YouTube Money, Canulars et Pédéisme
Il se fait appeler « La Cagoule », compte pas moins de 187 000 abonnés et des vidéos dépassant les 500 000 vues, il a une vingtaine d’années, ne se sépare jamais d’une cagoule noire, et hurle dans chacune de ses vidéos. Qui est-il ? Un drôle d’anonyme qui a décidé il y a maintenant un an de se lancer à son tour dans la quête de la gloire et de l’argent sur YouTube.
Nous sommes en juin 2015 quand le jeune homme enregistre en ligne sa première vidéo sur la plateforme de Google. Peu inventif, le garçon s’essaie à un genre plutôt éculé : le canular téléphonique. Mais comme le savent la plupart des YouTubeurs, les canulars sont à YouTube ce que le click bait est à Facebook : des contenus faciles à réaliser et étrangement toujours appréciés. La Cagoule choisit donc la voie de la facilité vers la très convoitée YouTube Money — nom que donnent les vidéastes aux pourcentages perçus sur la publicité de leurs vidéos.
La Cagoule lance alors piteusement sa carrière de YouTubeur en insultant des gens au téléphone
Un peu raciste et tout sauf tendre avec les malades d’Alzheimer, La Cagoule lance alors piteusement sa carrière de YouTubeur en insultant des gens au téléphone. Visiblement gamer, le jeune homme enchaîne alors jusqu’en 2016 différents canulars, où les victimes peuvent s’appeler Activision ou même Leader Price. Le seul point commun entre toutes ces vidéos sont les insultes et les vulgarités, en nombre, qui émaillent les discours mi-hurlés, mi-scandés par le vidéaste.
Mais en-dehors du côté télé-poubelle des productions du jeune homme, il n’y a jusque-là presque aucun drame. Seulement, gagnant peu de visibilité grâce à ses talents d’imitateurs (voyez par vous-même), La Cagoule décide en janvier 2016 de changer de ligne éditoriale et se lance dans un business qui sera bien plus payant : le clash, les attaques ad-hominem et la critique. Le garçon estime alors qu’il y a une place existante dans le YouTube Game qui n’est pas comblée : celle du contempteur.
Alors que les grands vidéastes français commencent à être affichés en trois par quatre dans les couloirs du métro et que les EnjoyPhoenix, Sophia et autres Squeezie réunissent des milliers de fans, il y a forcément un espace à prendre pour ceux qui, pour des raisons qui leurs sont propres, souhaitent les critiquer et soulever leurs paradoxes.

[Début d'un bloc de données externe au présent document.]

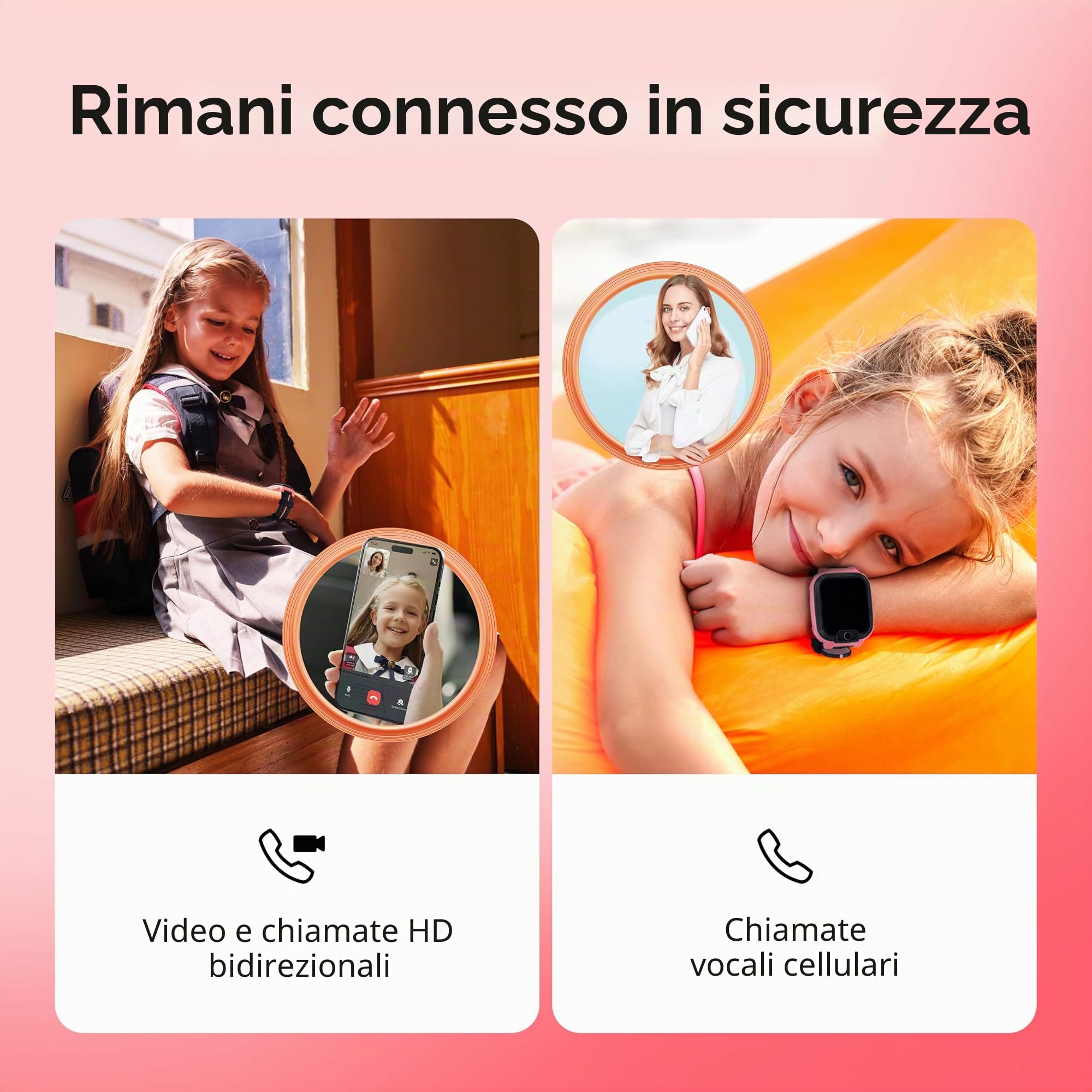 imoo Z1 smartwatch per bambini, smartwatch, smartwatch per bambini, telefono con video e telefonata bidirezionale, orologio GPS per bambini con localizzazione in tempo reale e resistenza all'acqua di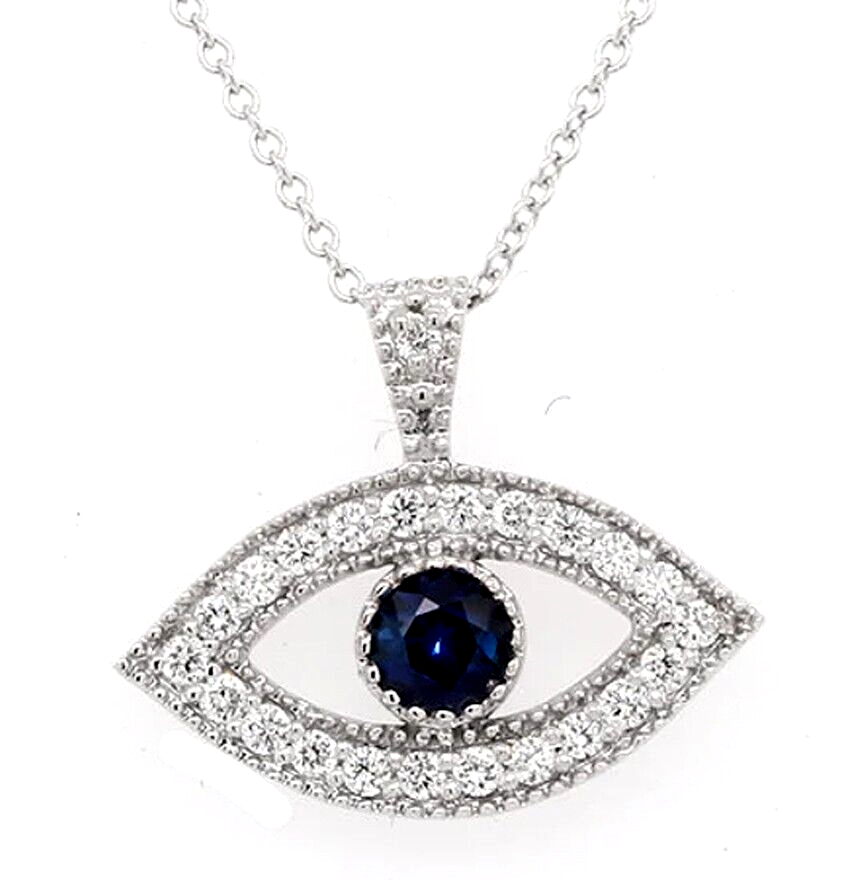 0.60ct Natural Round Diamond Blue Sapphire 14k Solid White Gold Evil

Le pari est simple : en s’attaquant à des figures reconnues du YouTube Game, La Cagoule espère profiter d’une nouvelle popularité réalisée aux dépens de la starlette attaquée. Une sorte de growth hacking de la haine, pour parler marketing.
Nous sommes donc le 24 janvier 2016, lorsque le jeune homme produit sa première vidéo critique. Pour lui, le sujet est simple : il choisit des YouTubeurs connus, enregistre quelques secondes de leur contenu et souffle exaspéré dans un sac en kraft. Le concept est encore rudimentaire, mais déjà les insultes fusent. M. Sulivan Gwed est très souvent nommé dans son petit spectacle. Le même YouTubeur fera l’objet peu de temps après d’une autre vidéo de la part de La Cagoule : cette fois-ci, M. Gwed a réuni plus d’un million d’abonnés sur sa chaîne et la nouvelle n’a pas l’air de ravir le jeune homme encagoulé. C’est à ce moment que M. Gwed, sous le pseudonyme Panda Moqueur, va devenir la cible préférée de La Cagoule.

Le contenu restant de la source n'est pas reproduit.